▸ **Data supplied**:

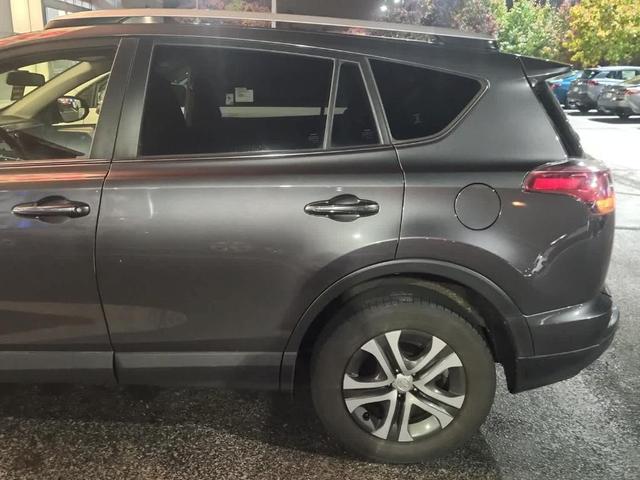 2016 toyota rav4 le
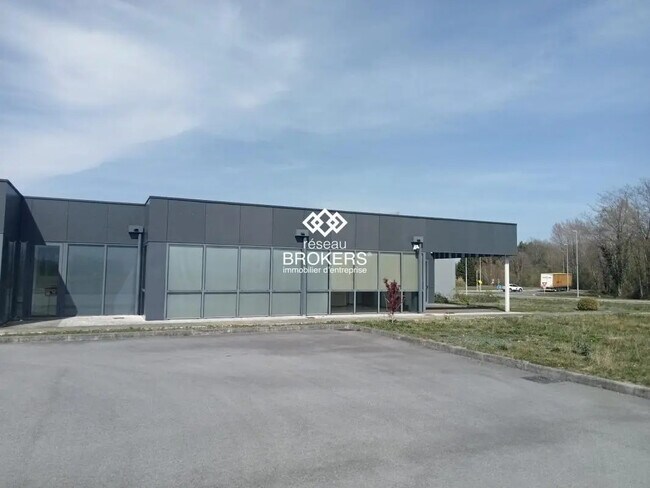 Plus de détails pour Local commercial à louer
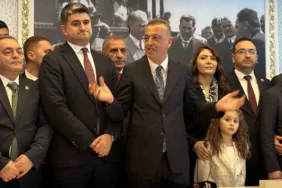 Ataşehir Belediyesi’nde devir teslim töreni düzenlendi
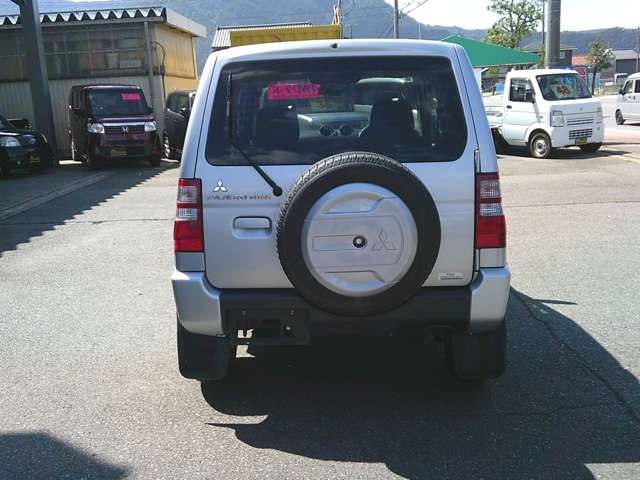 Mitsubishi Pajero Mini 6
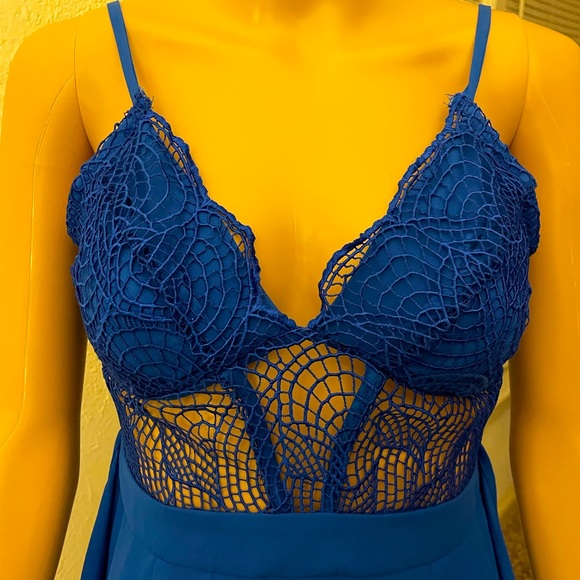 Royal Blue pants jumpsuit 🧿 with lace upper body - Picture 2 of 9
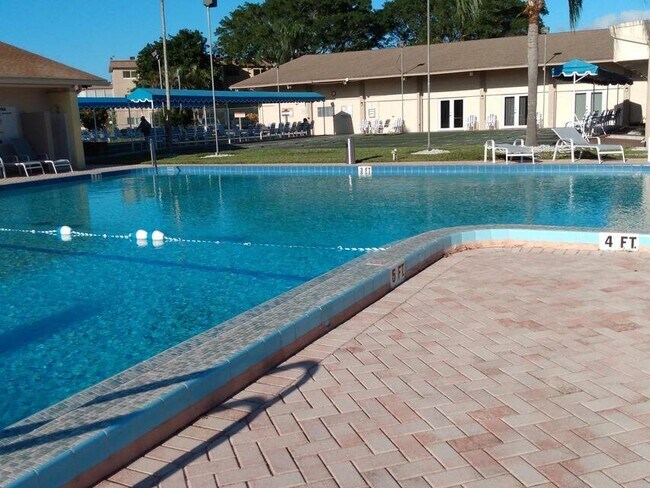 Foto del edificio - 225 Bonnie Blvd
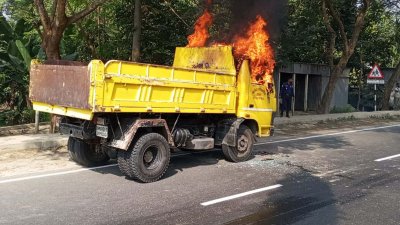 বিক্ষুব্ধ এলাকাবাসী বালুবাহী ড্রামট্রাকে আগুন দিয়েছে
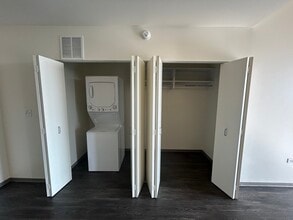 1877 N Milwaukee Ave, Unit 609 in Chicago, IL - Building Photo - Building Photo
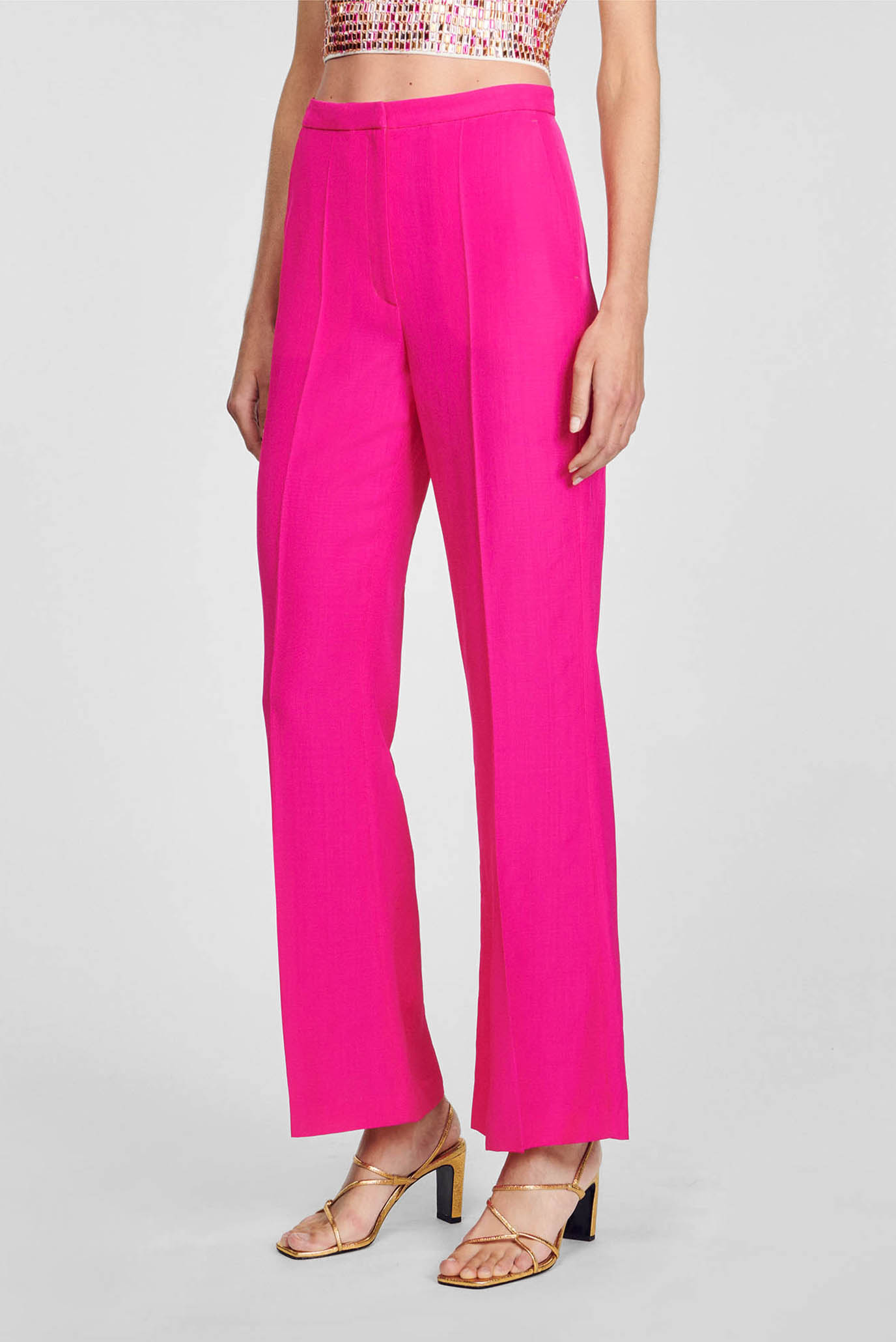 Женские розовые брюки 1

▸ **Problem**: Output the listing exactly, without images.

▸ **Exercise result**:
 2016 toyota rav4 le
 Plus de détails pour Local commercial à louer
 Ataşehir Belediyesi’nde devir teslim töreni düzenlendi
 Mitsubishi Pajero Mini 6
 Royal Blue pants jumpsuit 🧿 with lace upper body - Picture 2 of 9
 Foto del edificio - 225 Bonnie Blvd
 বিক্ষুব্ধ এলাকাবাসী বালুবাহী ড্রামট্রাকে আগুন দিয়েছে
 1877 N Milwaukee Ave, Unit 609 in Chicago, IL - Building Photo - Building Photo
 Женские розовые брюки 1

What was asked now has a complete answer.